I require all values to keys in the dict to have an additional indentation. I cannot figure out how to make the values indented against the keys.

It would look like this if correct:

- name: budgets_sales
  columns:
      -  name: budget_amt
         tests:
            -  not_null
            -  unique
      -  name: budget_group
         tests:
            -  not_null
            -  unique
      -  name: budget_name
         tests:
            -  not_null
            -  unique
      -  name: budget_pk
         tests:
            -  not_null
            -  unique
      -  name: entry_type_code
         tests:
            -  not_null
            -  unique
      -  name: institution_fk
         tests:
            -  not_null
            -  unique

Could anyone provide an approach?


Thanks to Anthon, this is what I ended up using:

def get_all_values(nested_dictionary):
    res = [{"version":2},{"models":None}]
    for key,value in nested_dictionary.items():
        seq = []
        res.append([{"name": key, "columns": seq}])
        # for key1, value1 in value.items():  # not using value1
        for key1 in value.keys():
            elem = {"name": key1, "tests": ["not_null", "unique"]}
            seq.append(elem)
    return res

nested_dictionary = d1

get_all_values(nested_dictionary)

data = get_all_values(nested_dictionary)

    
with open('data.yml', 'w') as outfile:
    
    with redirect_stdout(outfile):
        
        for i in data:  
            
            yaml = ruamel.yaml.YAML()
            yaml.indent(mapping=5, sequence=5, offset=4)            
            yml.dump(i,outfile)

Solution

  • In your required output the value associated with key columns is a sequence. You only get that if your Python data structure is a list, so make sure you append your individual table entries to some variable.

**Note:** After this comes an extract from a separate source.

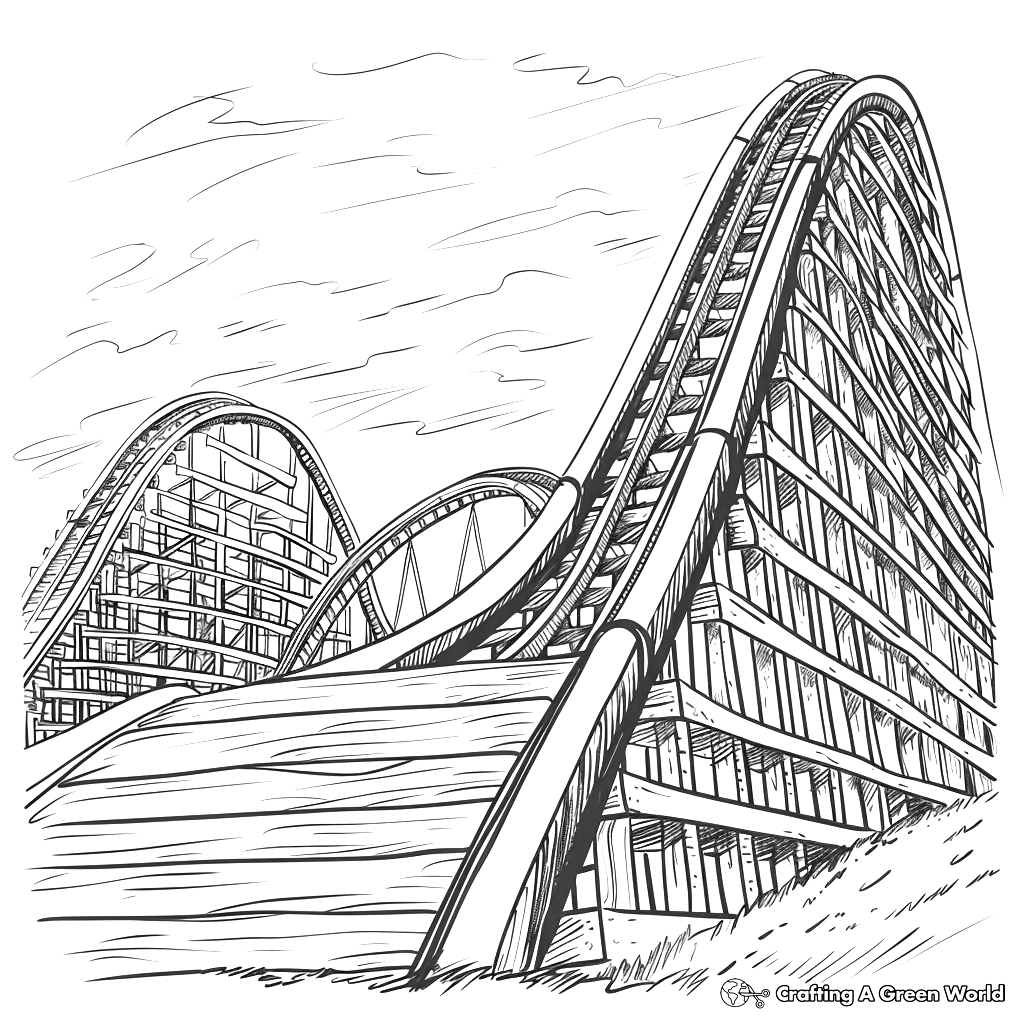 Roller Coaster Coloring Pages Printable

    I am guessing d1 based on your "incorrect" output:

    import sys
    import ruamel.yaml
    
    d1 = dict(budgets_sales=dict(budget_amt=None, budget_group=None, budget_name=None, budget_pk=None))
    
    def get_all_values(nested_dictionary):
        res = []
        for key,value in nested_dictionary.items():
            seq = []
            res.append({"name": key, "columns": seq})
            # for key1, value1 in value.items():  # not using value1
            for key1 in value.keys():
                elem = {"name": key, "tests": ["not_null", "unique"]}
                seq.append(elem)
        return res
        
    data = get_all_values(d1)
    
    yaml = ruamel.yaml.YAML()
    yaml.indent(mapping=5, sequence=5, offset=3)
    yaml.dump(data, sys.stdout)
    

    which gives:

       - name: budgets_sales
         columns:
            - name: budgets_sales
              tests:
                 - not_null
                 - unique
            - name: budgets_sales
              tests:
                 - not_null
                 - unique
            - name: budgets_sales
              tests:
                 - not_null
                 - unique
            - name: budgets_sales
              tests:
                 - not_null
                 - unique
    

    There are a few things you should take into account (apart from better formatting your code and data here on SO):

    • the round_trip_dump function has been deprecated, don't use it in new code
    • the recommended extension for files containing YAML documents has been .yaml, since at least Sep 2007
    • don't write YAML files in multiple stages, create one complete data structure and dump it. If you want multiple YAML documents in one file, make a list of data structures and use the .dump_all() method.

    If all else fails and you have valid handcrafted YAML that you want to generate as output, load that YAML (with YAML(typ='safe').load() and inspect the data structure in Python that you get.